# [What is required]
All of the data below should be printed again exactly, pictures excluded.

(Caption-style text data)
---

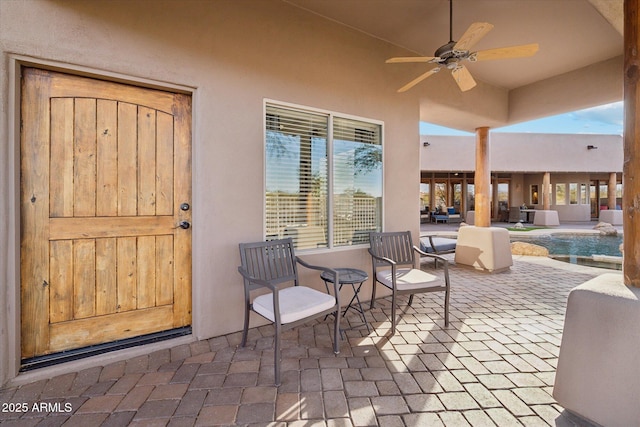 view of patio / terrace with ceiling fan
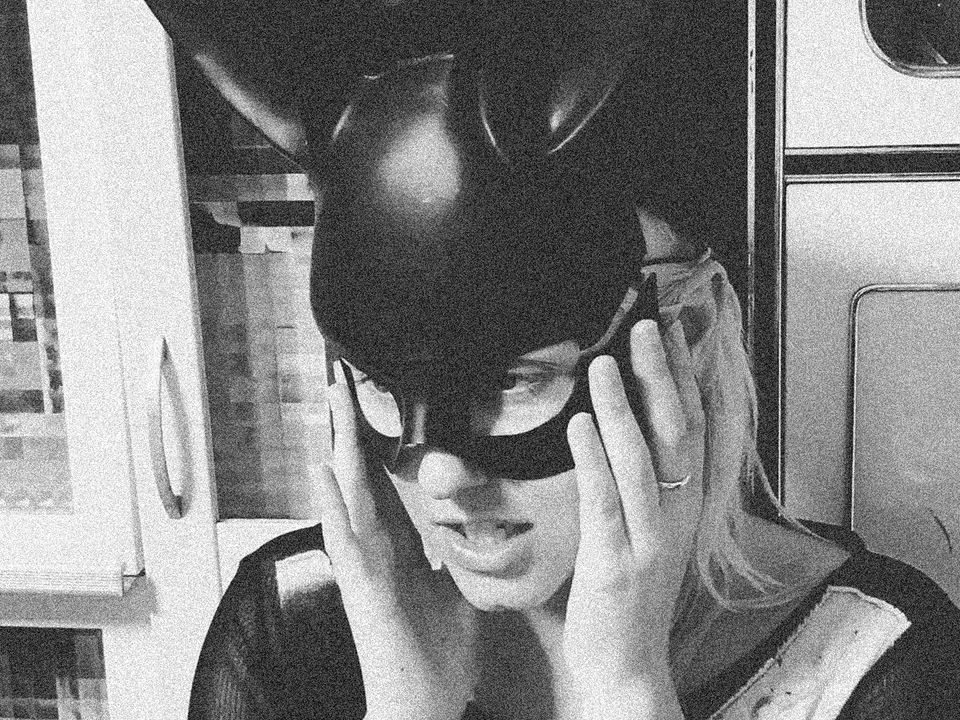 Estee Louder wears a black rabbit-like mask.
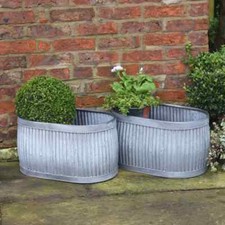 PAIR OF OVAL DOLLY TUB GARDEN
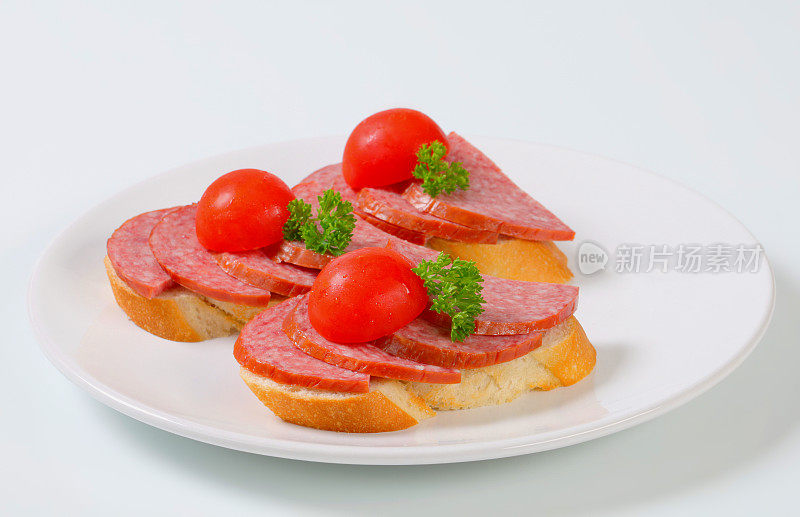 配意大利腊肠、樱桃番茄和欧芹的面包片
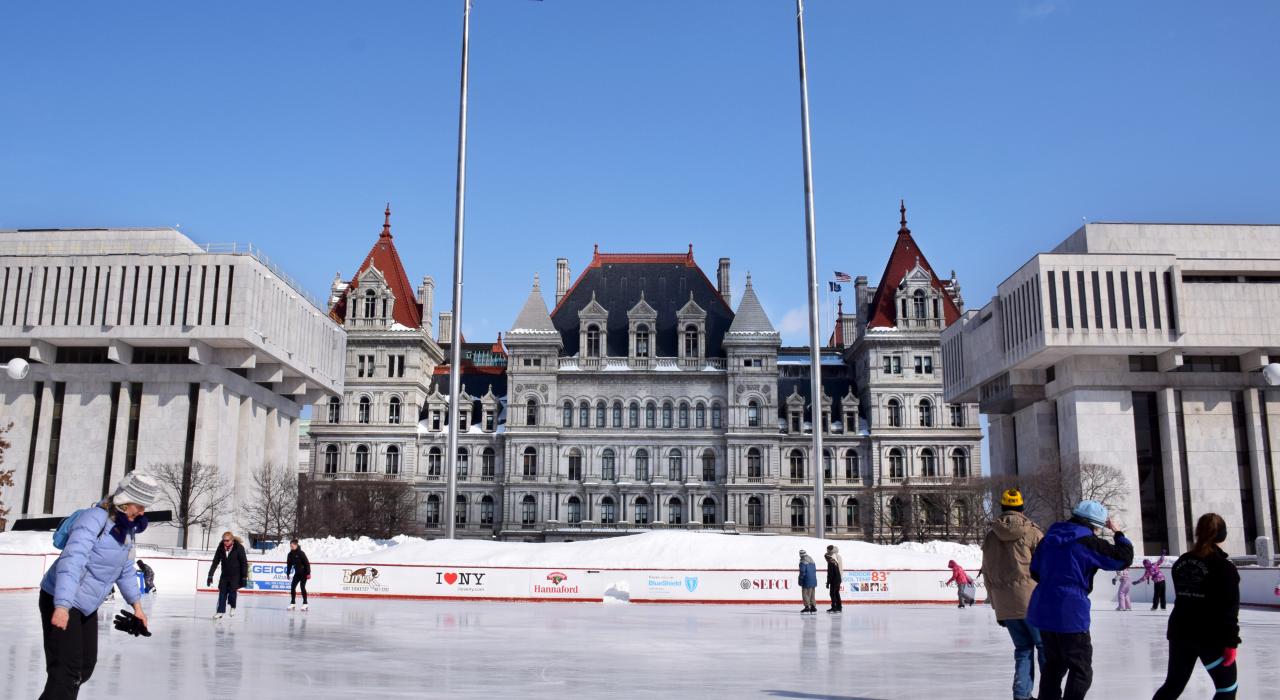 Ice skating at the Empire State Plaza with views of the New York State Capitol Building Ice skating at the Empire State Plaza with views of the New York State Capitol Building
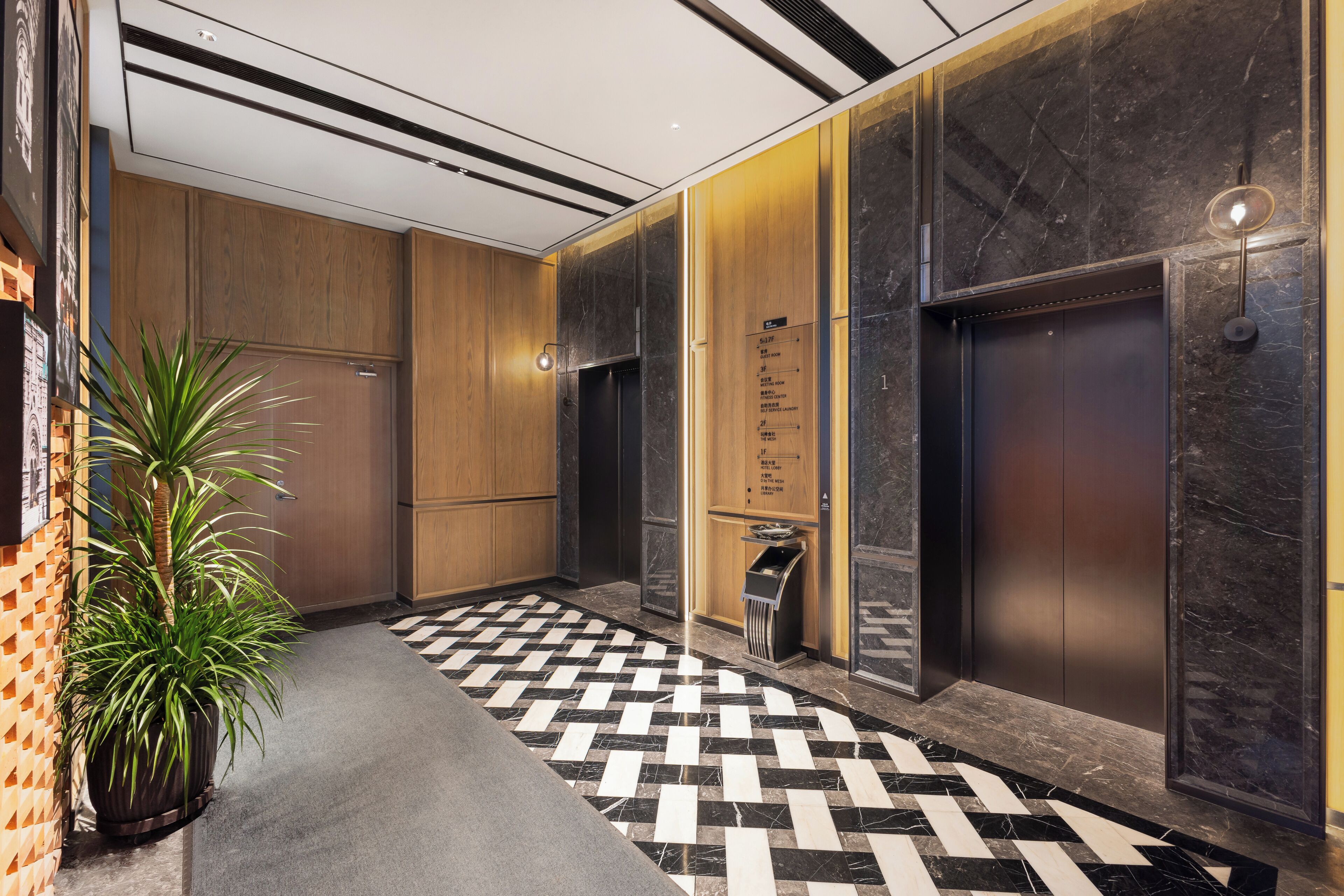 A modern lobby with a checkered floor, wooden panel walls, and two elevators.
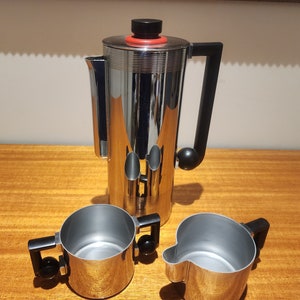 Könnte beinhalten: Ein Set aus drei silberfarbenen Kaffee- oder Teeservice-Teilen. Das Hauptstück ist ein hoher, zylindrischer Krug mit einem schwarzen Knopf auf dem Deckel. Die beiden anderen Teile sind kleinere, runde Tassen mit schwarzen Griffen.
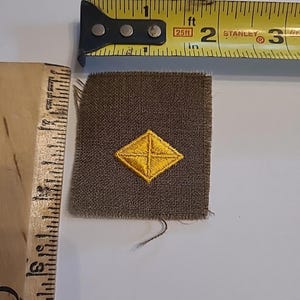 Puede incluir: Un parche de tela marrón con un diseño bordado en forma de diamante amarillo. Una cinta métrica amarilla y negra está al lado del parche. El parche mide aproximadamente 2,5 cm cuadrados.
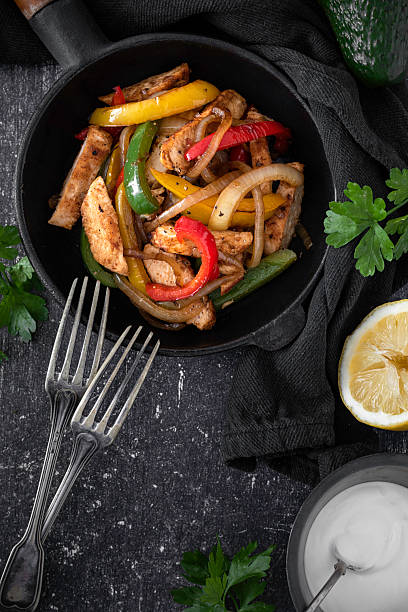 istock Chicken Fajitas on a rustic background 2218263456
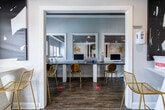 The Business Center is a thoughtfully designed single-floor space that balances functionality with contemporary aesthetics. The main workspace area features a long granite countertop workstation equipped with desktop computers, accommodating multiple users simultaneously. Elegant gold-framed chairs provide comfortable seating, while large pass-through windows overlook an adjacent lounge area, creating a sense of openness and visual connectivity throughout the space.

Rich hardwood-style flooring runs throughout, complementing the crisp white walls adorned with bold black-and-white abstract artwork. The center benefits from generous natural light, particularly in the secondary lounge and meeting area, where sliding glass doors open directly onto an outdoor deck with views of surrounding greenery.

A well-appointed kitchenette serves the space, featuring white cabinetry with brushed hardware, a double sink, granite countertops, a full-size stainless steel refrigerator, microwave, and toaster oven. Two round gold-framed mirrors above the counter add a decorative touch. The overall ambiance is polished and modern, with consistent gold metallic accents tying together the furnishings and décor throughout the entire space.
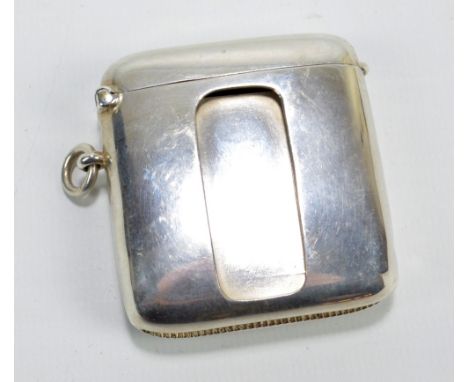 WILLIAM HAIR HASELER; a George V hallmarked silver rectangular vesta case of plain form with striker to the base and addition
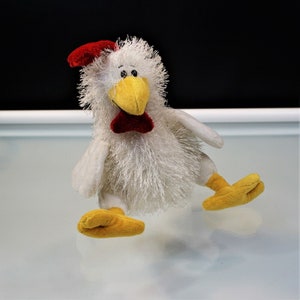 May include: A plush white chicken toy with a red comb and bow tie, yellow beak and feet. The toy has a fluffy texture and is set against a white and black background.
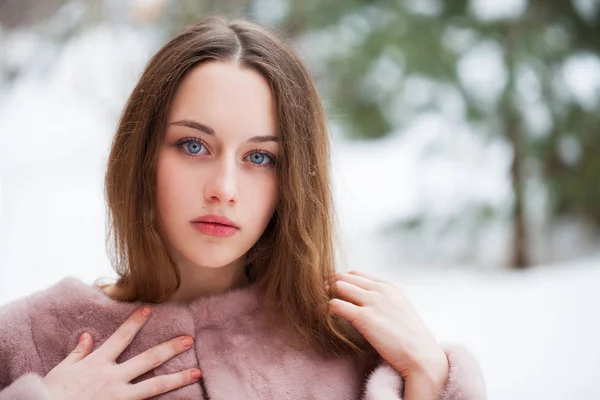 Young beautiful brunette woman in fur coat posing on winter park — Stock Photo, Image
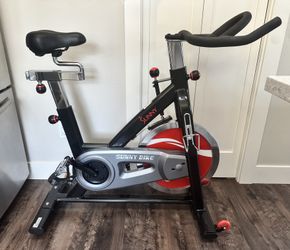 Sunny SF-B1002 Indoor Cycling Bike - 49 lb Flywheel + Upgraded Bikeroo Seat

---

# [Exercise answer]
 view of patio / terrace with ceiling fan
 Estee Louder wears a black rabbit-like mask.
 PAIR OF OVAL DOLLY TUB GARDEN
 配意大利腊肠、樱桃番茄和欧芹的面包片
 Ice skating at the Empire State Plaza with views of the New York State Capitol Building Ice skating at the Empire State Plaza with views of the New York State Capitol Building
 A modern lobby with a checkered floor, wooden panel walls, and two elevators.
 Könnte beinhalten: Ein Set aus drei silberfarbenen Kaffee- oder Teeservice-Teilen. Das Hauptstück ist ein hoher, zylindrischer Krug mit einem schwarzen Knopf auf dem Deckel. Die beiden anderen Teile sind kleinere, runde Tassen mit schwarzen Griffen.
 Puede incluir: Un parche de tela marrón con un diseño bordado en forma de diamante amarillo. Una cinta métrica amarilla y negra está al lado del parche. El parche mide aproximadamente 2,5 cm cuadrados.
 istock Chicken Fajitas on a rustic background 2218263456
 The Business Center is a thoughtfully designed single-floor space that balances functionality with contemporary aesthetics. The main workspace area features a long granite countertop workstation equipped with desktop computers, accommodating multiple users simultaneously. Elegant gold-framed chairs provide comfortable seating, while large pass-through windows overlook an adjacent lounge area, creating a sense of openness and visual connectivity throughout the space.

Rich hardwood-style flooring runs throughout, complementing the crisp white walls adorned with bold black-and-white abstract artwork. The center benefits from generous natural light, particularly in the secondary lounge and meeting area, where sliding glass doors open directly onto an outdoor deck with views of surrounding greenery.

A well-appointed kitchenette serves the space, featuring white cabinetry with brushed hardware, a double sink, granite countertops, a full-size stainless steel refrigerator, microwave, and toaster oven. Two round gold-framed mirrors above the counter add a decorative touch. The overall ambiance is polished and modern, with consistent gold metallic accents tying together the furnishings and décor throughout the entire space.
 WILLIAM HAIR HASELER; a George V hallmarked silver rectangular vesta case of plain form with striker to the base and addition
 May include: A plush white chicken toy with a red comb and bow tie, yellow beak and feet. The toy has a fluffy texture and is set against a white and black background.
 Young beautiful brunette woman in fur coat posing on winter park — Stock Photo, Image
 Sunny SF-B1002 Indoor Cycling Bike - 49 lb Flywheel + Upgraded Bikeroo Seat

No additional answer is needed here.